A community is always made up of unique and special voices. However, we don’t always see all of our collective selves in popular culture or certain industries. One of the reasons we created our brand Mora Cosmetics was that we just didn’t see that many brown girl-friendly makeup options for us.
As more and more indie beauty brands are popping up on the market, there has been an increase in beauty founders that reflect all consumers within the market.
Why Does This Even Matter?
Having a diverse range of founders representing different cultures, ages, genders, and ethnicities is incredibly beneficial and a step in an improved industry. It helps customers see products and services they can relate to and meet their needs. Brown girls don’t need to worry about products that aren’t pigmented enough to show on their skin. For too long, so many communities of women were relegated to using subpar products or specific shades.

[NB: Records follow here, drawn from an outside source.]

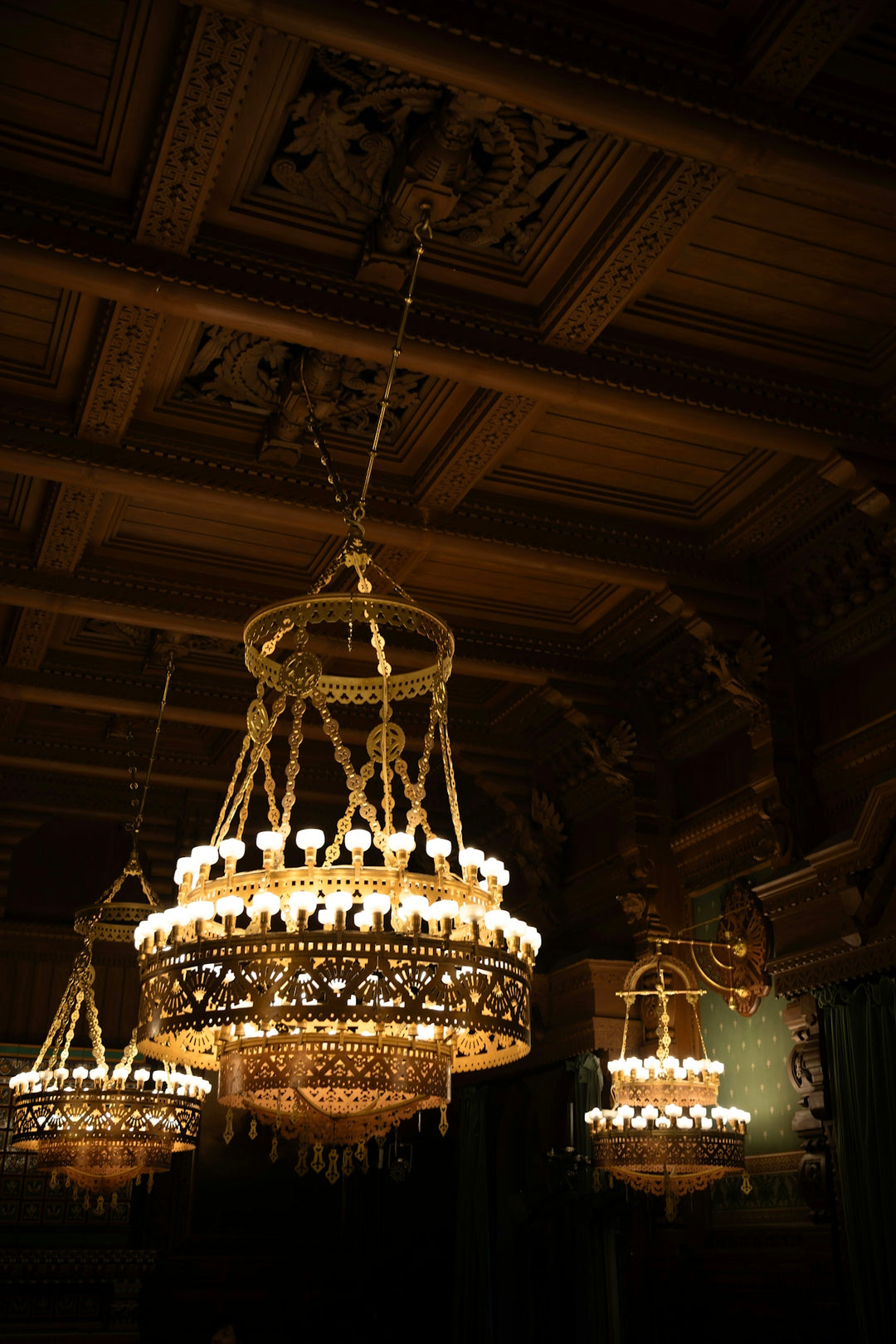 Ornate chandeliers hanging from a dark wooden ceiling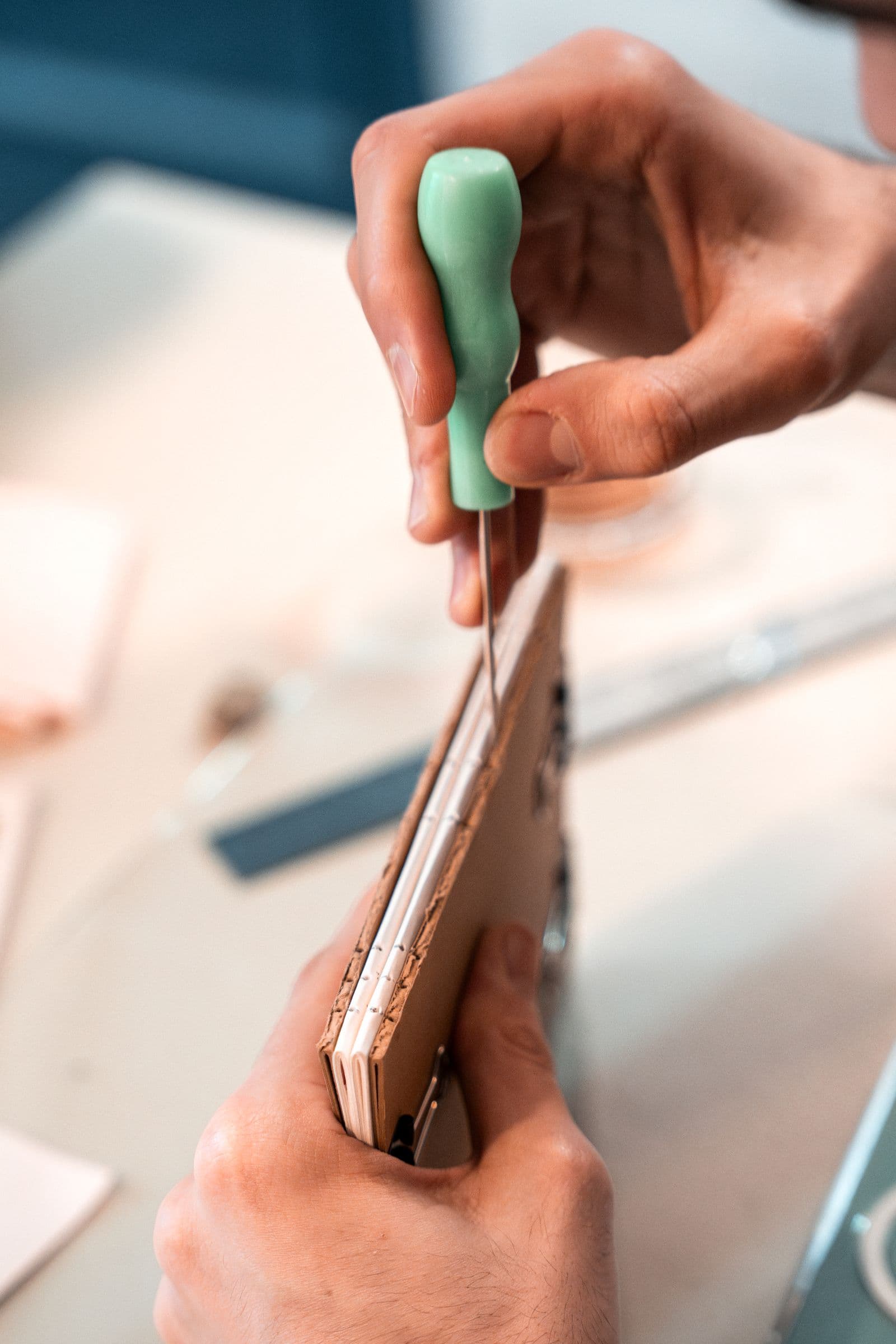 A text block being sewn during binding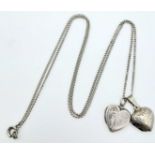 A vintage sterling silver necklace with 2 silver heart locket pendants. Total weight 5.6G. Total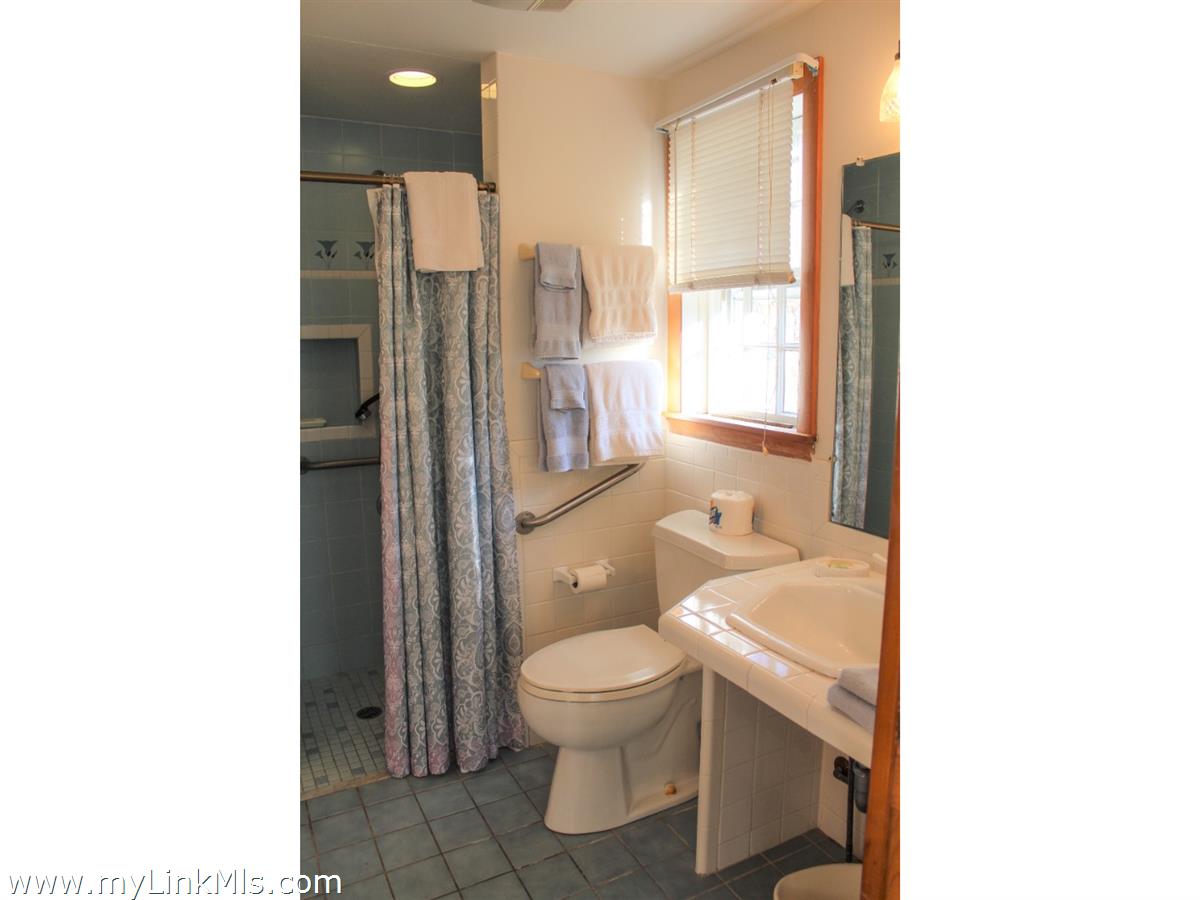 8 Sea Street Nantucket, MA 02554 - Photo 6 of 7 a bathroom with a toilet a sink and a shower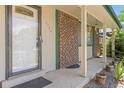 Inviting front porch with brick accents, decorative plants and hanging baskets at 1584 S Fraser Way, Aurora, CO 80012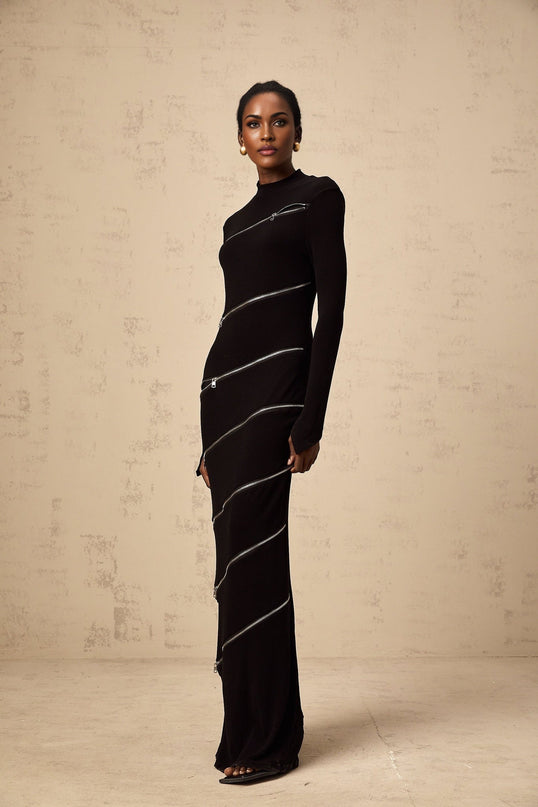 A black fitted maxi dress with zipper details named Costanza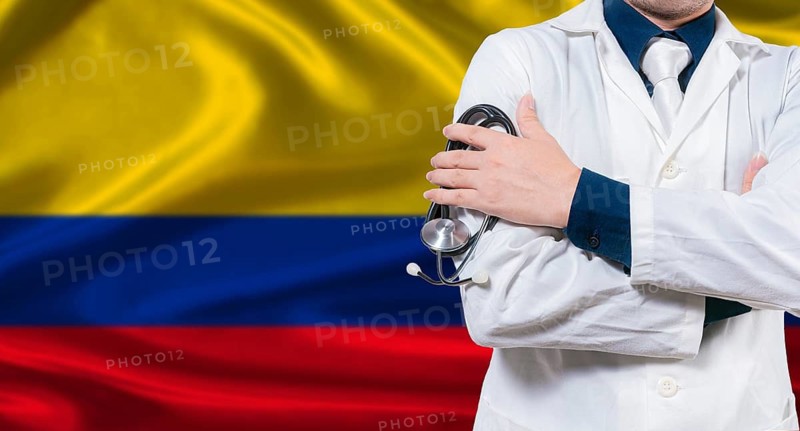 Colombian national health system, Medical professional holding sthetoscope isolated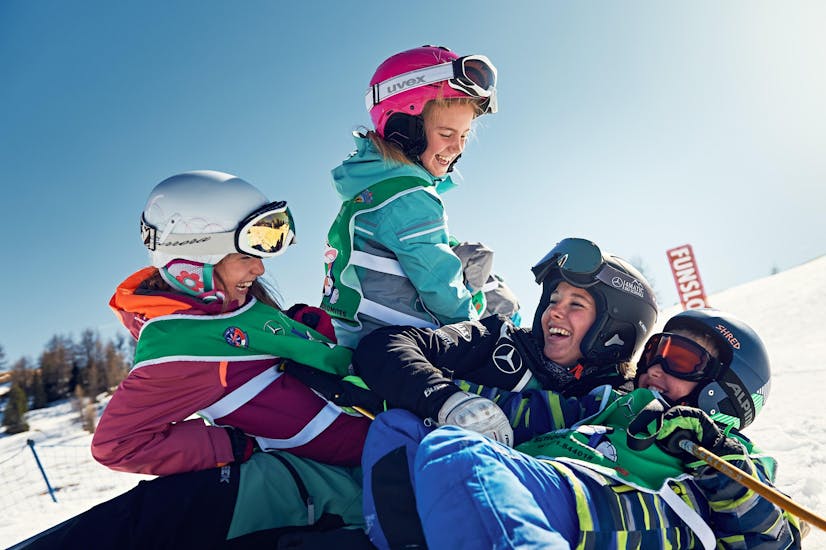 Bambini si divertono a La Villa durante una delle lezioni private di sci per bambini per tutti i livelli.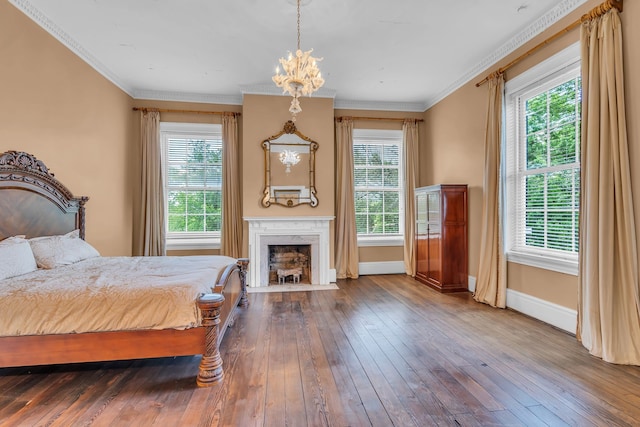 bedroom featuring crown molding, a fireplace, and hardwood / wood-style flooring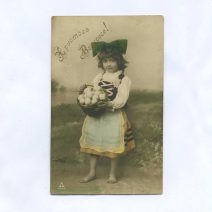 Открытка пасхальная "Христос Воскресе!" Девочка с зеленым бантом и корзиной яиц. Изд. PH. Германия 1907 г.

Having beauty founders representing different market areas can help customers find products and services that fit their needs and trust.
We saw the gaps in our beauty routines and created products we wanted for all beauty lovers. In the 90s, we saw our mothers using beautiful coffee and sepia-toned makeup. But what about beauty lovers who want to use pink or vibrant nudes? We wanted to create universally flattering shades that anyone can use.
For Minara, she wanted to create a makeup brand that honored her Muslim heritage by making all of the products halal. I wanted to create products that are sustainable and vegan because that is an important part of my own ethos.
This is the exciting part about indie brands. We get to create new and innovative products and create an environment of collaboration and creativity.
The founders we have met on this journey have been inspirational and encouraging and ensure that the industry stays in tune with today’s customers' needs and wants.
We are so grateful to be able to continue on this journey and create products we can all be excited about.